A COLERAINE farmer and farming rights’ activist has called on the big local supermarkets to stop treating farmers as “slaves” and pay them “a fair price” for their produce.
Sean McAuley, a steering committee member for the Northern Ireland Farmers For Action group, claims Coleraine farmers are amongst thousands across the Province who are not even paid cost price for their beef and milk.
And despite “misleading headlines” to the contrary, he shockingly revealed that lamb and grain were the only two locally produced commodities with enough profit to stop farms going under.
The Macosquin based farmer made the startling revelations in a hard-hitting report produced this week to garner support for MP Tim Farron’s Early Day Motion 1602 presented to Westminster.

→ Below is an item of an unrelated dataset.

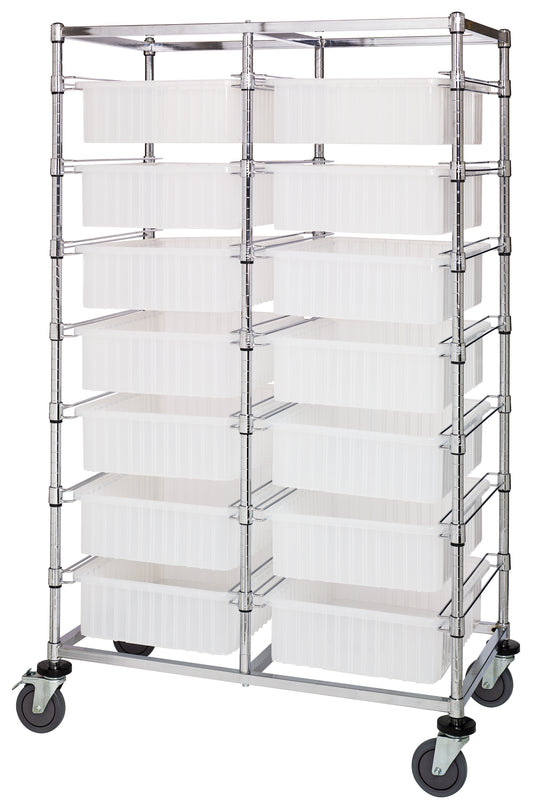 Quantum Clear-View Bin Carts – 24" x 40" x 69" – BC214069M1DCL – Clear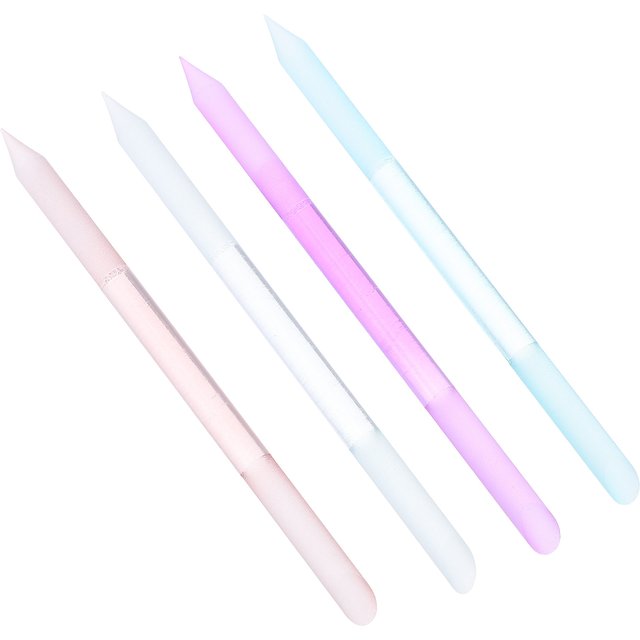 4Pcs Glass Nail Care Tool Cuticle Pusher Sand Surface Precision Filing Stick for Home Salon Manicure Grit Glass File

In the motion, the concerned MP called for the House to condemn the exploitation of farmers and producers across the world by companies who pay below cost for goods; to celebrate the success of the Fair-trade in promoting ethical purchasing and trade justice; and to call for the establishment of a domestic fair trade classification to protect UK farmers from exploitation by large corporations such as supermarkets.
Mr. McAuley claims the only reason lamb and grain are still profitable for local farmers is down to supply and demand.
“The world market is short of these commodities,” he said, “thereby creating an overall market large enough to be outside the armlock of the EU’s large supermarkets, large food retailers and wholesalers.”
Citing examples, he went on to say: “European beef self-efficiency was indeed short by approximately 4% while the world beef markets were buoyant, yet the small beef shortage within the EU was not enough to break the armlock of the corporates into paying directly or indirectly Northern Ireland farmers the cost of production plus a margin.
“As a result the farm gate price of beef would need to rise by approximately 50% to reach an estimated cost of production, heading towards £5 per kg.
“Indeed the farm gate price of milk only rises occasionally to the cost of production when world markets peak, otherwise dairy farmers, a notoriously high-borrowed sector, need on average an increase of 45% just to reach the cost of production, heading towards 40p/l.”
Mr McAuley called for political resolve to deal with the issue of fairness for local farmers many of whom are in financial hardship.
“The European Union boasts a free market, it is in fact by-and-large a corporate controlled market from a farmers point of view,” he said.
“Politicians should realise that action needs to be taken in the form of Fairness for Farmers in Europe’s revolutionary Common Agriculture Policy Post 2013 (CAP) proposal. It saves the CAP budget billions by abolishing lowland subsidies and it advocates EU legislation to force the corporates to pay farm gate prices for staple commodities, equating to the cost of production plus an inflation linked margin.”